PROVIDED RECORDS Start Marker

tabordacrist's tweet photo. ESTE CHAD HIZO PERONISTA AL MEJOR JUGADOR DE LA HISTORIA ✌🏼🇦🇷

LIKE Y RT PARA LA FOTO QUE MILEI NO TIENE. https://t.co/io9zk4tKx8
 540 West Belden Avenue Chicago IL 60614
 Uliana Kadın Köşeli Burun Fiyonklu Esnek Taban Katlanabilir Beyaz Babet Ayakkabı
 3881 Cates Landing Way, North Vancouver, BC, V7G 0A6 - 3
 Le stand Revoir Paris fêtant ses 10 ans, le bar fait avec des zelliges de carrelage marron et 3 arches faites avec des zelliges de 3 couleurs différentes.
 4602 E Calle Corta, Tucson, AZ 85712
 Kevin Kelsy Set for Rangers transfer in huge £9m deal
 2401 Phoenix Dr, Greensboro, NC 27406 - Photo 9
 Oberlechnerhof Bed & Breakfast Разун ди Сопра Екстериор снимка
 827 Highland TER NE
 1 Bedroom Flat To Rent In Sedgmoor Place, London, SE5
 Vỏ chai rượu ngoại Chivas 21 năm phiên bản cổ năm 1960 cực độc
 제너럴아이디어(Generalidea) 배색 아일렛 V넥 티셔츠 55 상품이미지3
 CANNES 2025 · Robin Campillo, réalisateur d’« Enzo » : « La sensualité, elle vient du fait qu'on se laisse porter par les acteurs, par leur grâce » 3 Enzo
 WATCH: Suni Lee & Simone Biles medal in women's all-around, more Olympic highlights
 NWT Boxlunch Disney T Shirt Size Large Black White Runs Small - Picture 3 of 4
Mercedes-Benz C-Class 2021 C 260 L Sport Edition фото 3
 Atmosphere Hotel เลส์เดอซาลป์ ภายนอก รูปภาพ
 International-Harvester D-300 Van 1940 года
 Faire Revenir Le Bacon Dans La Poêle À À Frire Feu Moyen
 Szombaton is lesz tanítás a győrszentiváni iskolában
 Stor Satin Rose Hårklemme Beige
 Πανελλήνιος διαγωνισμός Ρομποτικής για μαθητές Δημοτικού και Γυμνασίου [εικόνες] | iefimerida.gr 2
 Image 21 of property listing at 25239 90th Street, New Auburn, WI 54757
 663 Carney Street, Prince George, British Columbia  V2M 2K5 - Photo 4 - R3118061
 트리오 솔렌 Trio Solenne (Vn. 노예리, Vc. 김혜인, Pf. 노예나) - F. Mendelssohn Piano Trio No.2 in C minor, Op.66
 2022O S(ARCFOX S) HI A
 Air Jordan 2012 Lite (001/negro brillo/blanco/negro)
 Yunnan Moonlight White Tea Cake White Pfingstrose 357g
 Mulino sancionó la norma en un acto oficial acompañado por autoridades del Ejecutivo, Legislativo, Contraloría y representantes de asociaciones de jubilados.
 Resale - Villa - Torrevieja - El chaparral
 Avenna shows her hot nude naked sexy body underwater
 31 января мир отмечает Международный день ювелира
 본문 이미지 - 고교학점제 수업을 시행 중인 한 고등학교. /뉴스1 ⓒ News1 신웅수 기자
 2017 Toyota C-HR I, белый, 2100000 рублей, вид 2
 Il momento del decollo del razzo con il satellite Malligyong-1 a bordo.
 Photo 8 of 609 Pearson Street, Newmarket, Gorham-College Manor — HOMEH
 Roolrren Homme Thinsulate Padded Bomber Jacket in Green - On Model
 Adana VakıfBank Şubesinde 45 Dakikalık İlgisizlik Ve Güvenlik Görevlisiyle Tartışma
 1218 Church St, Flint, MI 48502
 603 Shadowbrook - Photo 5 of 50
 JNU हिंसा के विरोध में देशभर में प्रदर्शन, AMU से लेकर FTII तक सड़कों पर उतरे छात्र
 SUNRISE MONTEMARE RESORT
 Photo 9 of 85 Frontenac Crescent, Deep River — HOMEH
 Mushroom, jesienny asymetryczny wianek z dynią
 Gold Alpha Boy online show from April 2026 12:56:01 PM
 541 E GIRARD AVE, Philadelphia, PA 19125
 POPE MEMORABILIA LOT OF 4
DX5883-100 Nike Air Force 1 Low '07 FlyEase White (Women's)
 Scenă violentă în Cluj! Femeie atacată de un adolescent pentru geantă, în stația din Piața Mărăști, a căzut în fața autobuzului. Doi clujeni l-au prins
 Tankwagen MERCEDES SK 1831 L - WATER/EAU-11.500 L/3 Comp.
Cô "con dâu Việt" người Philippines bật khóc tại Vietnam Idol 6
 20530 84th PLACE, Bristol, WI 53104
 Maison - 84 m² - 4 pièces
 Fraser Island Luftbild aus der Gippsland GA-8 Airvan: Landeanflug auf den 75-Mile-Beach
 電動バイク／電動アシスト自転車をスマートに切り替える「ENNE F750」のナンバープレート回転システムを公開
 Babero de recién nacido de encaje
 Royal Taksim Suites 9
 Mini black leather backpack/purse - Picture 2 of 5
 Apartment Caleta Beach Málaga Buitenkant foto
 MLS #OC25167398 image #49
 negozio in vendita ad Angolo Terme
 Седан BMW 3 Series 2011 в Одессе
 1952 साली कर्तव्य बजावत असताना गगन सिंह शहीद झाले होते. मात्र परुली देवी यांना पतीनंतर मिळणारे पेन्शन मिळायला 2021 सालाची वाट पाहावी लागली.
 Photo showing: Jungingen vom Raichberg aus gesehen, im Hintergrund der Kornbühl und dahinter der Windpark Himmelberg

PROVIDED RECORDS End Marker

Quote the listing above, but only from the line that shows "663 Carney Street, Prince" through the line that shows "Gold Alpha Boy".

(TASK ANSWER)
 663 Carney Street, Prince George, British Columbia  V2M 2K5 - Photo 4 - R3118061
 트리오 솔렌 Trio Solenne (Vn. 노예리, Vc. 김혜인, Pf. 노예나) - F. Mendelssohn Piano Trio No.2 in C minor, Op.66
 2022O S(ARCFOX S) HI A
 Air Jordan 2012 Lite (001/negro brillo/blanco/negro)
 Yunnan Moonlight White Tea Cake White Pfingstrose 357g
 Mulino sancionó la norma en un acto oficial acompañado por autoridades del Ejecutivo, Legislativo, Contraloría y representantes de asociaciones de jubilados.
 Resale - Villa - Torrevieja - El chaparral
 Avenna shows her hot nude naked sexy body underwater
 31 января мир отмечает Международный день ювелира
 본문 이미지 - 고교학점제 수업을 시행 중인 한 고등학교. /뉴스1 ⓒ News1 신웅수 기자
 2017 Toyota C-HR I, белый, 2100000 рублей, вид 2
 Il momento del decollo del razzo con il satellite Malligyong-1 a bordo.
 Photo 8 of 609 Pearson Street, Newmarket, Gorham-College Manor — HOMEH
 Roolrren Homme Thinsulate Padded Bomber Jacket in Green - On Model
 Adana VakıfBank Şubesinde 45 Dakikalık İlgisizlik Ve Güvenlik Görevlisiyle Tartışma
 1218 Church St, Flint, MI 48502
 603 Shadowbrook - Photo 5 of 50
 JNU हिंसा के विरोध में देशभर में प्रदर्शन, AMU से लेकर FTII तक सड़कों पर उतरे छात्र
 SUNRISE MONTEMARE RESORT
 Photo 9 of 85 Frontenac Crescent, Deep River — HOMEH
 Mushroom, jesienny asymetryczny wianek z dynią
 Gold Alpha Boy online show from April 2026 12:56:01 PM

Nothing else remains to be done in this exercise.